Suppose I have two floating point numbers, x
and y
, with their values being very close.
There's a discrete number of floating point numbers representable on a computer, so we can enumerate them in increasing order: f_1, f_2, f_3, ...
. I wish to find the distance of x
and y
in this list (i.e. are they 1, 2, 3, ... or n
discrete steps apart?)
Is it possible to do this by only using arithmetic operations (+-*/
), and not looking at the binary representation? I'm primarily interested in how this works on x86.
Is the following approximation correct, assuming that y > x
and that x
and y
are only a few steps (say, < 100) apart? (Probably not ...)
(y-x) / x / eps
Here eps
denotes the machine epsilon. (The machine epsilon is the difference between 1.0 and the next smallest floating point number.)
Floats are lexicographically ordered, therefore:
int steps(float a, float b){
int ai = *(int*)&a; // reinterpret as integer
int bi = *(int*)&b; // reinterpret as integer
return bi - ai;
}
steps(5.0e-1, 5.0000054e-1); // returns 9
Such a technique is used when comparing floating point numbers.
You do not have to examine the binary representation directly, but you do have to rely on it to get an exact answer, I think.
Start by using frexp() to break x into exponent exp
and mantissa.

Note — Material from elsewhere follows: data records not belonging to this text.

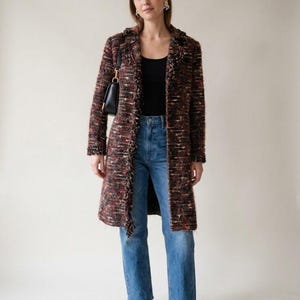 May include: A long-sleeved, knee-length tweed coat featuring a multi-colored textured weave in shades of black, brown, and rust with frayed edges. The coat is worn over a black tank top, blue denim jeans with raw hems, and dark red ballet flats.
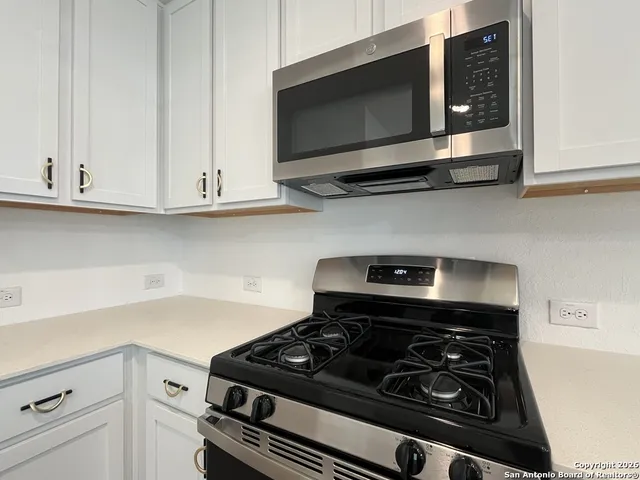 a kitchen with stainless steel appliances granite countertop white cabinets and a stove top oven with granite countertops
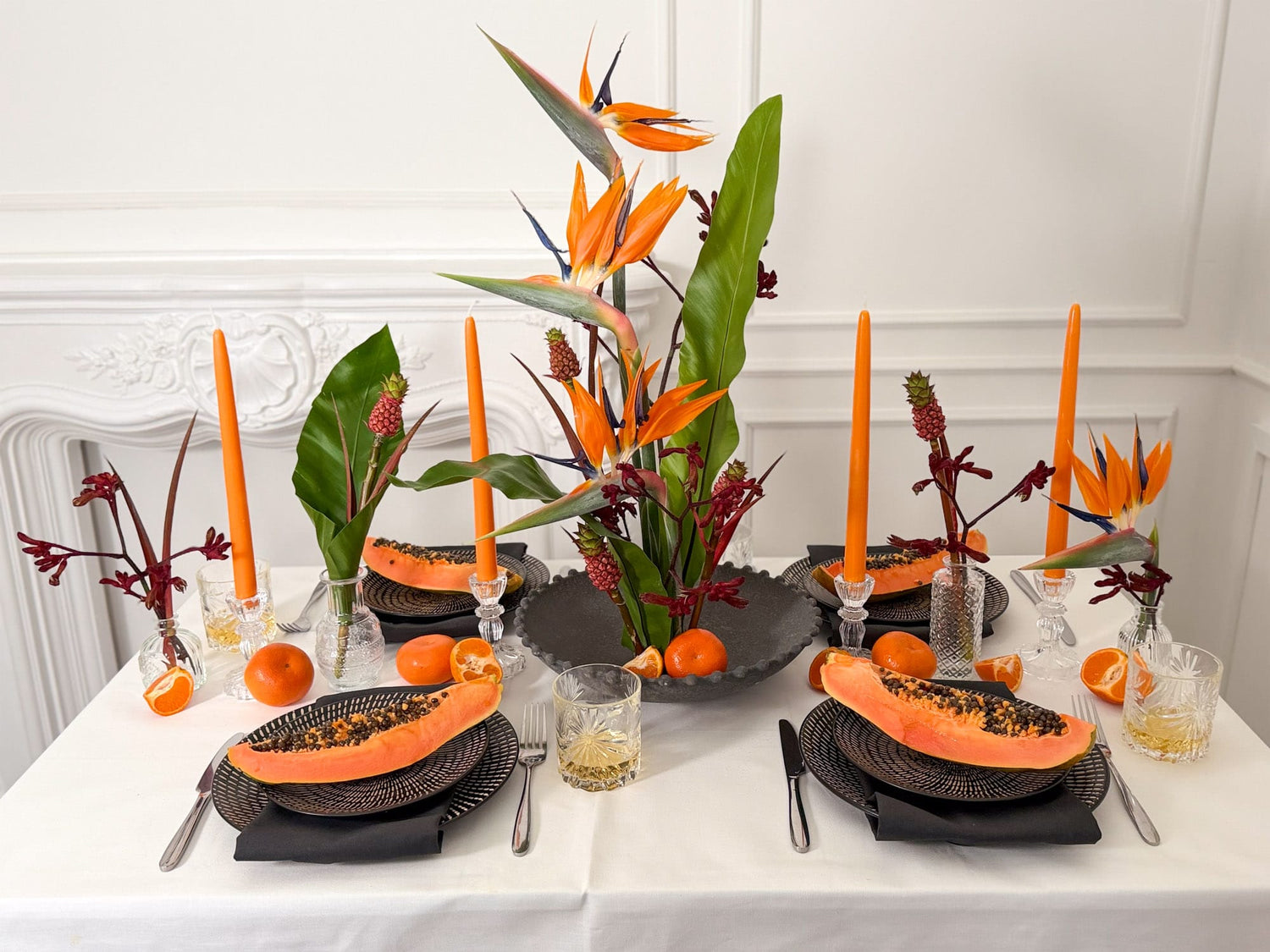Decorative table setting with papaya slices, candles, and tropical flowers by AMEROSE on a white tablecloth for events.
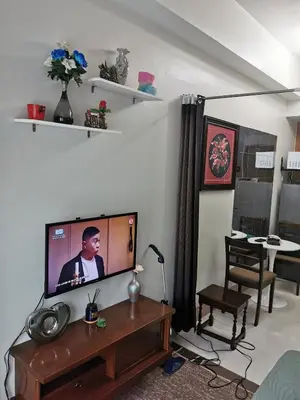 a living room with a flat screen tv on a table at Mall of Asia Pasay Shore 3 Residence in Manila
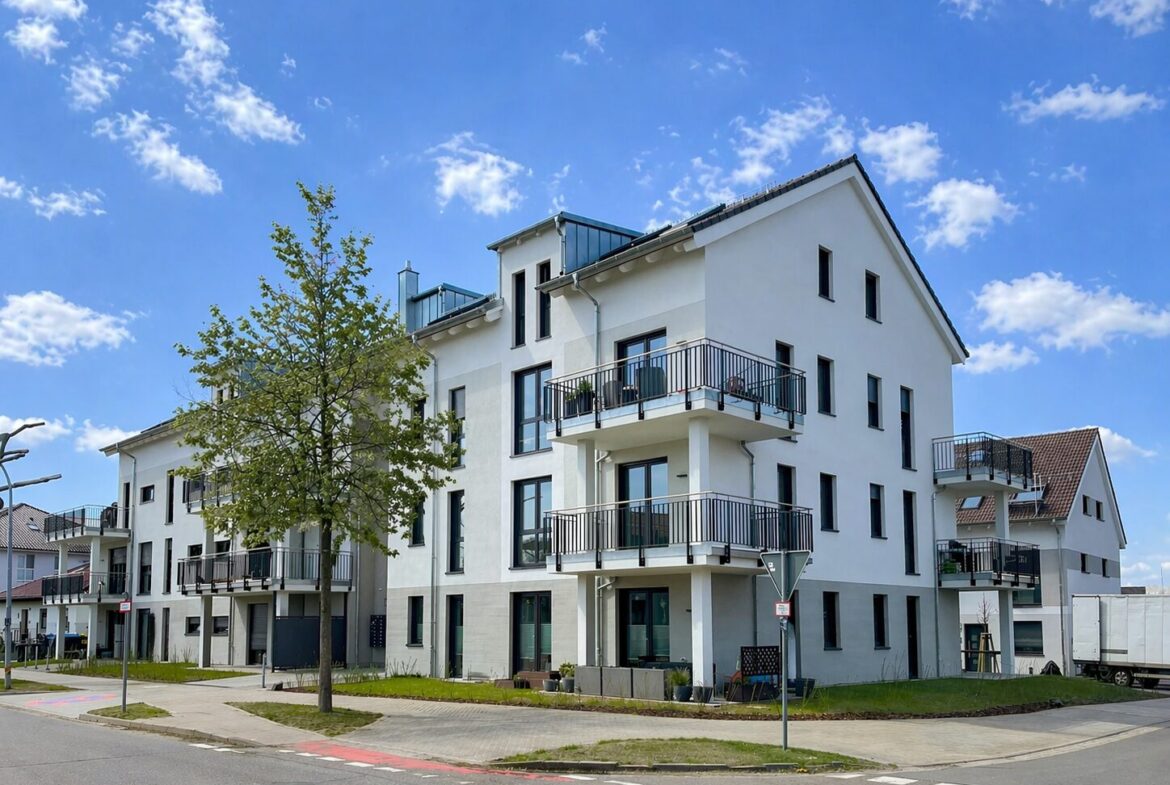 White modern apartment building with multiple balconies along a corner lot, blue sky above.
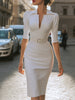 FJØRNA elegant belted V-neck tailored midi dress hanging on a rack, showcasing its sleek design and sophisticated style.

I believe the next float bigger than x is x + eps * 2^(exp-1)
. (The "-1" is because frexp returns a mantissa in the range [1/2, 1) and not [1, 2).)
If x and y have the same exponent, you are basically done. Otherwise you need to count how many steps there are per power of 2, which is just 1.0/eps
. In other words, the number of steps between 2^n and 2^(n+1) is 1.0/eps
.
So, for y > x, count how many steps there are from x to the next power of two; then count how many more steps it takes to get to the largest power of 2 less than y; then count how many more steps it takes to get from there up to y. All of these are pretty easily expressible in terms of eps
, I think.